Volume 8, Number 1 - Spring 2007

 

E—Stonia: Pioneer of Internet Innovation and e-Goverment

Kertu Ruus

Full Text

Estonia became the first country to introduce nationwide voting via internet when this technology was used in legislative elections in February 2007. About three percent of the electorate availed themselves of this option. The experiment was deemed a success; no problems were reported; and it may have helped increase voter participation. In other countries, including European nations and the U.S., the idea of online elections has earned mixed reviews, partly because of fears that larger countries allow more scope for hacking and tampering.

But Estonians were hardly surprised to find themselves setting the pace. Estonia, the northernmost of the three Baltic countries, has made extraordinary strides in information technology, both in nationwide penetration and in innovative global applications. Similarly, the emergence of Skype, the global internet phone company with technology invented in Estonia, prompted the New York Times to dub Estonia “the Silicon Valley of the Baltic.’’

Estonians feel they have earned some bragging rights in making our often-chilly streets compatible with hot technology. In the latest World Economic Forum’s Global Information Technology Report, Estonia, despite being one of the poorer countries in the European Union, ranked 23rd in the world in terms of its overall IT level. The little country moves up close to the head of the class when you look at how much IT is used in daily life.
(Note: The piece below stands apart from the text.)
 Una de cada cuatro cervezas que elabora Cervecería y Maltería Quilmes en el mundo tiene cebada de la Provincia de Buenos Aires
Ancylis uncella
The figures, confirmed in eTrack and Eurostat surveys, showed that 56 percent of Estonians (aged 15-74) were using their computers last year, 53 percent regularly spent time on the web and mobile-phone penetration reached 107 percent.

These numbers put Estonia in the top ten EU countries for computer use. Almost every second Estonian between the ages of 15 and 75 has access to a computer at home, and 81 percent of all computer-owning households have internet access—including nearly a third with broadband connections. Naturally, “wi-fi” access is increasingly available in cafes and other locations across the country—including gas stations.
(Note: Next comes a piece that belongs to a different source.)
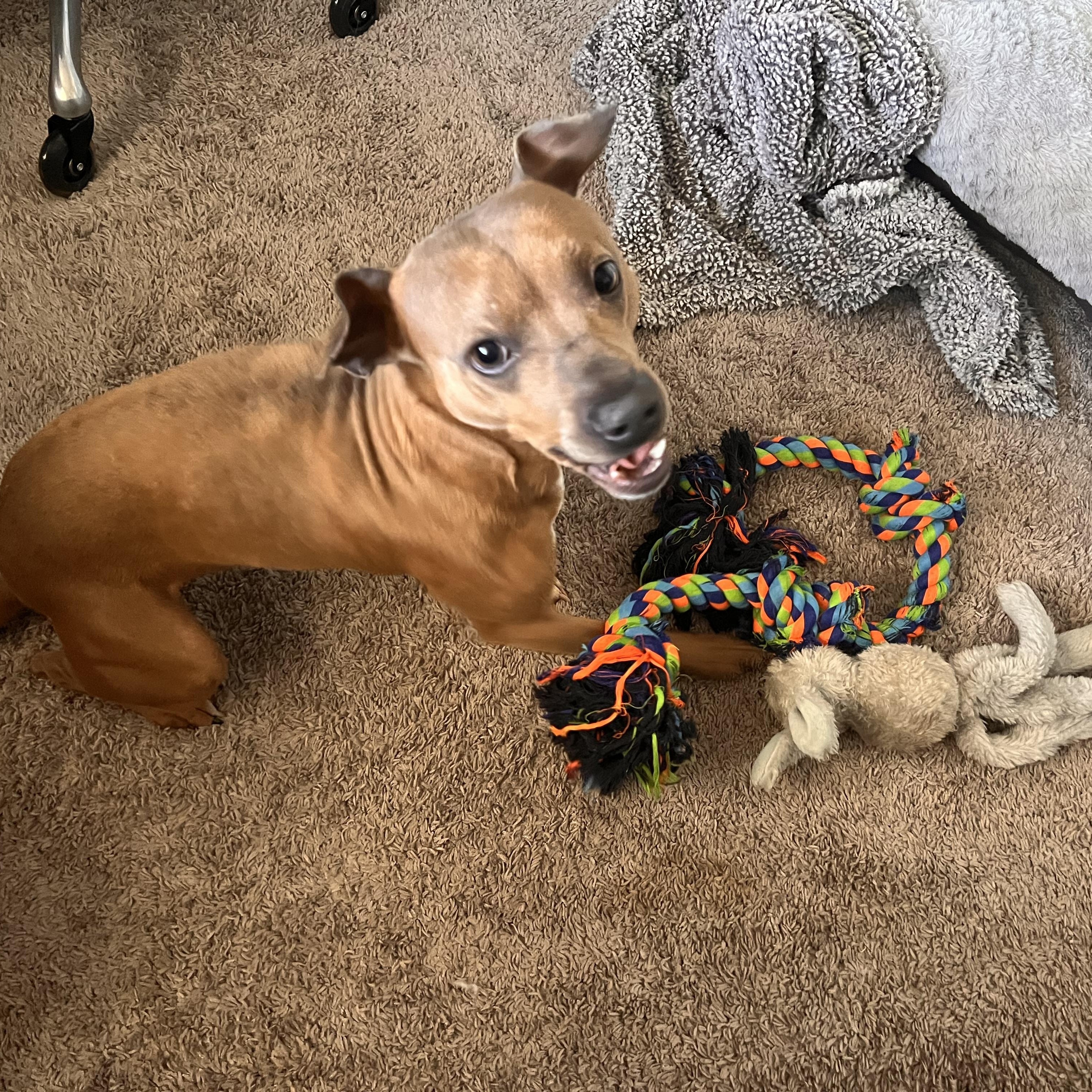 Enlarge Cody, an adopted mixed breed in Choctaw, OK image 5/6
Estonia’s strong performance in IT is especially remarkable, since the country still has a comparatively low overall living standard. The general standard of living is still far below the EU average: a Eurostat survey this year estimated Estonians’ purchasing power as only 57 percent of the EU average. At current growth rates (roaring ahead at 12 percent in the second quarter of 2006), Estonia will catch up with Portugal in the coming decade and then Greece in the next.

Internet use is most active among the younger generation (ages 16-24, including 99 percent of students). Perhaps more surprisingly, use is also spreading fast among older people: a recent survey showed that nearly half of people aged 50 to 60 use the web regularly.

But a fundamental point about the special IT culture in “E-stonia” is an emphasis on making sure that IT innovations are applied to making daily life easier and more comfortable for everybody. Of all internet users, 83 percent go online to use e-mail; 77 percent to read newspapers, magazines and other online media; 75 percent for banking and 70 percent to look for products and services. Banks in Estonia have nearly 1.1 million on-line banking clients—in a country with a population of 1.3 million.

A key factor in explaining how IT succeeded in “taking over” in Estonia is the ease with which people can do so many errands from their computers, without leaving home. Estonia is the only country in Europe with well-established practices using “digital signatures” —in other words, a person’s identity can be authenticated electronically thanks to an electronic identity card. The introduction of such electronic ID cards remains controversial and blocked in many countries. Many other EU countries lack traditions of identity cards (such as Britain) or centralized electronics (such as Germany).

Even in Estonia, which is used to ID cards and electronics, the new system needed strong leadership to put in place. The nascent ID card was greeted with skepticism among many politicians. The results have proven them wrong. The first electronic ID cards were issued in January 2002. By October 2006, one million cards had been issued, with about 90 percent of residents in Estonia aged 15 to 74 having one. Linnar Viik, often described as “the guru of Estonian IT,” says that the only thing he hasn’t done with his ID-card is to spread butter on a slice of bread.

This little blue piece of plastic offers a wide variety of uses which are, although more sophisticated than spreading butter on your bread, still simple enough to be generally used. Many of these innovations based on the ID cards are directed at simplifying government bureaucracy and services.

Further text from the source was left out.